Research into two species of coral native to Hawaii revealed that warmer waters caused by climate change play an important role in coral bleaching—a process that causes coral to lose their color—significantly disrupting coral health and growth. The effect that ocean acidification, a process that causes seawater to become more acidic due to the excess amount of carbon dioxide it has absorbed, has on heat-stressed coral was also investigated.
Over the last decade, there has been a rise in the incidence and severity of mass coral bleaching events around the globe, leading to increased mortality for these vital organisms.
However, this work suggests that some coral may well be resilient to these extreme environmental changes, said Kerri Dobson, lead author of the study who completed the work as a graduate student in earth sciences at the Ohio State University.
“Each coral species responds differently to stress and employs different methods to recover from that stress,” said Dobson, who currently teaches marine biology at the University of Southampton in the UK. “Now we know that those responses depend on several factors.”
According to the study, which was recently published in Nature Communications Earth & Environment, one of the most telling influences that can decide if coral might recover from a stressful event is its access to food.

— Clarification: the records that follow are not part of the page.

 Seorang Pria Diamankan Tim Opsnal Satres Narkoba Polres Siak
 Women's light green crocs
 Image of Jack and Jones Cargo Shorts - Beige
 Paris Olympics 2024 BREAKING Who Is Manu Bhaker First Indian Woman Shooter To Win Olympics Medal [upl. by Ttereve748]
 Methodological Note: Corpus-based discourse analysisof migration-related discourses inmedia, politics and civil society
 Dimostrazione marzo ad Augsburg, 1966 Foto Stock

Typically, corals feed by receiving nutrition provided by photosynthetic symbiotic algae and catching and eating tiny aquatic organisms called zooplankton. These algae also give coral their vibrant color, but when heat stressed, corals lose their algae, leaving them bleached white and starving.

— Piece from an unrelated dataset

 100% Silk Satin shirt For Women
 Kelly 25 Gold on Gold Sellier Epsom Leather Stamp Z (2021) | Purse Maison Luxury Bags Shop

In this work, researchers collected branch samples from bleached and non-bleached parent colonies following one large-scale heat-stress event in 2014 as well as a second, unexpected, heat-stress event in 2015. Once rehoused in special tanks, half of the corals were subjected to a different amount of food and simulated ocean acidification rates to see how these factors affected their potential recovery.
“This is one of the first studies, to our knowledge, that has been able to capture the impact of natural thermal stress on coral in two consecutive years,” Dobson said.
As a result of such unique long-term data, the team found that feeding coral zooplankton after a bleaching event could improve their overall resilience to warming temperatures, essentially minimizing mortality, promoting growth and enhancing coral recovery rates.
Ocean acidification did little to slow the corals’ recovery, suggesting that some corals could survive in more acidic waters. Unfortunately, this discovery also makes clear that the most present danger to coral reefs is heat stress, said Dobson.
“Heat stress affected the corals’ health much more than the simulated ocean acidification,” she said. “These heat-stress events function as selection forces, leaving only the more thermally tolerant coral that might be able to survive the stresses that we’re subjecting them to.”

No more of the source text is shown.